Seven Takeaways From Tesla’s Electrifying Quarter
October 21, 2021
Tesla‘s (Nasdaq: TSLA) third-quarter 2021 earnings are in, and the results were electrifying goodness at its best. If you are into the nitty-gritty details, you will read through the beautifully crafted shareholder deck and dissect the conference call. But if you aren’t into that sort of sport, then I have you covered with this hot take!
So, how about seven (get it, S-E-V-E-N) things of note from this quarter’s report?
- Automotive gross margin hit 30.5% driven by higher volumes out of Shanghai, consisting of a solid ramp in Model Y. Model S also returned to positive gross margin this quarter.
- Adjusted EBITDA grew 77% to $3.2 Billion, and margin expanded to 23.3%. Tesla ramped up capital expenditure to $1.8 Billion but still generated a free cash flow of $1.3 billion. Income from operations hit $2 billion with an operating margin just a tad below 15%. Note that this exceeds the long-term margin guidance the company had previously set!
- Tesla paid down high-interest debt to finish the quarter with a net cash position of $14 Billion. The balance is looking more like that of a technology business, not that of a tired legacy manufacturer!

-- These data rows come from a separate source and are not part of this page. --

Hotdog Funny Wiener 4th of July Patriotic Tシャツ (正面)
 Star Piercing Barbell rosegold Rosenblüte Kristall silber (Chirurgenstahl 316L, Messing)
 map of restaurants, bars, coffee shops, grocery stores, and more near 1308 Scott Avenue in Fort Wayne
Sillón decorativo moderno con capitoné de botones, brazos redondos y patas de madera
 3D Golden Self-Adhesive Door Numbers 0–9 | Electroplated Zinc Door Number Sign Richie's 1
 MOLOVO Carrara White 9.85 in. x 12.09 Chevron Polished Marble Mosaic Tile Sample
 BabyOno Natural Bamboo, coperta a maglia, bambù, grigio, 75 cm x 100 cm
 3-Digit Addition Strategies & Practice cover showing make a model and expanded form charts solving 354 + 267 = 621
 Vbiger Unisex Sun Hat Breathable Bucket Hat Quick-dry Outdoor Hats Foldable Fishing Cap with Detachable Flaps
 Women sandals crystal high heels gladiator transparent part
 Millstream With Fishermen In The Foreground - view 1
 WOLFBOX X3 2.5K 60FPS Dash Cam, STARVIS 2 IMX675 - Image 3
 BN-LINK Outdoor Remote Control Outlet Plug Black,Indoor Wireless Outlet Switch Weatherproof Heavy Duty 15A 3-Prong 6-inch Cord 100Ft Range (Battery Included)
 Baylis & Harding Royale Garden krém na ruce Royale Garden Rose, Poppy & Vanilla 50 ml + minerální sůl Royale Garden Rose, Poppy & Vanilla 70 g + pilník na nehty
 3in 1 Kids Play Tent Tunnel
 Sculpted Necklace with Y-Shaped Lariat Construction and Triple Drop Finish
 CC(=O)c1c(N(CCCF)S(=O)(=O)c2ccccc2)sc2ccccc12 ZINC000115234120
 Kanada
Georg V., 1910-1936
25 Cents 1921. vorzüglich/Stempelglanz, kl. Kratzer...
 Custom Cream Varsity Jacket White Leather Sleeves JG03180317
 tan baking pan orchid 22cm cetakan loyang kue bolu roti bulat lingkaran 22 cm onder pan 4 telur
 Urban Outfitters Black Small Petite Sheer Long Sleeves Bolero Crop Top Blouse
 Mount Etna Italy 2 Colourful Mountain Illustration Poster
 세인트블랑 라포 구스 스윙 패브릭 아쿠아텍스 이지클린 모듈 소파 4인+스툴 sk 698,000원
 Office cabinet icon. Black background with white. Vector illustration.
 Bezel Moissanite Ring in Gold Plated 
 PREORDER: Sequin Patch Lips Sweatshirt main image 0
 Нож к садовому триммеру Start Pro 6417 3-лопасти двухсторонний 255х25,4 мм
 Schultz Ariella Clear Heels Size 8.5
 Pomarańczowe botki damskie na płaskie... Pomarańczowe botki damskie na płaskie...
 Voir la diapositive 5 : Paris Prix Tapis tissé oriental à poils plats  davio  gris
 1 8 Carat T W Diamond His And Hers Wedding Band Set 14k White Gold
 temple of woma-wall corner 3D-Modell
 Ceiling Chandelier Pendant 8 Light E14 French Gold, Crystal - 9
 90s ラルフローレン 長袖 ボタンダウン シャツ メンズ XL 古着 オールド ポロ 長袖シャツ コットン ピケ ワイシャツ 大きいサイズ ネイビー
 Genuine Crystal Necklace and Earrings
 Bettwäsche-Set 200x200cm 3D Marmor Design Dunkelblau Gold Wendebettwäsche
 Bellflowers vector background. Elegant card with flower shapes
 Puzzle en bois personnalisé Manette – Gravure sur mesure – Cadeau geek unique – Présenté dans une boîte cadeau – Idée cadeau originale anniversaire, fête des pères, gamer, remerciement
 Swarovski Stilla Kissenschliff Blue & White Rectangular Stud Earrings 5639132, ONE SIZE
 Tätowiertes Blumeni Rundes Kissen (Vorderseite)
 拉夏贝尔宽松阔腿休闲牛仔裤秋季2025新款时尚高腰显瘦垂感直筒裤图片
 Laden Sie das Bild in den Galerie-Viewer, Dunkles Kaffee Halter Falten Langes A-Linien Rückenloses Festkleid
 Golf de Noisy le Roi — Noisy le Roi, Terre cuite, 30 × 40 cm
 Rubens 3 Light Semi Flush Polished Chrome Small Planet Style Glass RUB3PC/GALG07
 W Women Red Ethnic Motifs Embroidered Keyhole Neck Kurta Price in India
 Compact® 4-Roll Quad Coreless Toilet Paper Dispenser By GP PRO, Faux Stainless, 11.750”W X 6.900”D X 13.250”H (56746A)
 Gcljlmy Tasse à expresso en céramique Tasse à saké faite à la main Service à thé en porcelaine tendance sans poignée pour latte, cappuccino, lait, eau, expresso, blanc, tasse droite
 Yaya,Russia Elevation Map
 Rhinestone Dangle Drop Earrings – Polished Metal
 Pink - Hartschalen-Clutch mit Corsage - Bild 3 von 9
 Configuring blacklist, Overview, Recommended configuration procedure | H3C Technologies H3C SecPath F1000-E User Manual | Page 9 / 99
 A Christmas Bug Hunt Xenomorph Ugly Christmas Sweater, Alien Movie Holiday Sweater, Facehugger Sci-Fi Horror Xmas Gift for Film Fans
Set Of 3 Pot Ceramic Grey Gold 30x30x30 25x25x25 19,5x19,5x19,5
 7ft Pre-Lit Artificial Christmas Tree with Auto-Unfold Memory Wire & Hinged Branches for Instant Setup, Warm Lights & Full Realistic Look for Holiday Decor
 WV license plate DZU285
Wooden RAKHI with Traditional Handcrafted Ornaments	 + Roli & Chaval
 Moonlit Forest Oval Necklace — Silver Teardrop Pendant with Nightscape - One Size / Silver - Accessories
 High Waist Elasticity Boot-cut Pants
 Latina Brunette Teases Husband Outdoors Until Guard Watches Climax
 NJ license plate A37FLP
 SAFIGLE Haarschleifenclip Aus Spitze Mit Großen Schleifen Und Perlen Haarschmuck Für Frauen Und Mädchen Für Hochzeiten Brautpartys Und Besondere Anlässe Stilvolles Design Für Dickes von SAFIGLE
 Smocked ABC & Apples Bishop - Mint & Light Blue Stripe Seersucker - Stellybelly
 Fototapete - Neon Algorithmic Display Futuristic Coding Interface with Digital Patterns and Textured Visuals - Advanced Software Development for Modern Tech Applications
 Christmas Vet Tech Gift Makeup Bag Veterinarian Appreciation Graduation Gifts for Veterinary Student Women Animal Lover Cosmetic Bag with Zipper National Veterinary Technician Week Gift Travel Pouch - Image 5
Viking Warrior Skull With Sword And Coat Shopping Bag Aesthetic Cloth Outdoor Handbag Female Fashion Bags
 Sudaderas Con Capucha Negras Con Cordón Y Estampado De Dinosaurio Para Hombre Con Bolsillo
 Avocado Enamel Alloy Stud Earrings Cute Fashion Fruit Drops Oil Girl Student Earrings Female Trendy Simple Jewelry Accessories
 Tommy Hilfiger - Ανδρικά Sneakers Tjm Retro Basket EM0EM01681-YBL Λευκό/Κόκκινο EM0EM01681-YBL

- Demand right now is through the roof, and Tesla plans to exceed historical production volumes for the Model S and X combo. That should be margin accretive. In the conference call, CFO Zach Kirkhorn noted that they were somewhat surprised by the demand side of the equation, noting that the “profound awakening of the desirability for electric vehicles […] caught us a little bit off guard.”
- Tesla has its fingers in so many pies. Autonomy. Games. Battery design and manufacturing. Robotics. General artificial intelligence. It’s a company that puts its engineering and software skills to good use. One area to watch out for is driver safety score-driven insurance products, which the company is trialing in Texas.
- The situation around prices of raw materials for batteries is a headwind for Tesla. But I would guess it is 10x worse for the legacy players that lack the volume or agility to switch commodities. Same problem for pure EV players starting their ramp now!
- Tesla’s trailing 12-month non-GAAP earnings per share (EPS) is $5.04. This quarter’s EPS jumped year over year by 145%. Using the trailing EPS, I calculated its price-to-earnings (PE) ratio to be around 170. For a company that’s guiding for long-term volume growth of approximately 50% per annum, with an opportunity for increasing operating leverage over time, that trailing PE isn’t egregious. It could be justified just based on expanding battery electric vehicle sales. Certainly, it doesn’t capture a lot of the upside from software sales and optionality in other verticals of Artificial Intelligence.
Disclosure. Lead Advisor Dr. Anirban Mahanti is a Tesla shareholder, and a Tesla fan with a Model 3 and Powerwall at his home. While Anirban is objective in his analysis, you need to know that he’s also a Tesla bull, so consider the power of the electric zap when reading his hot take on Tesla.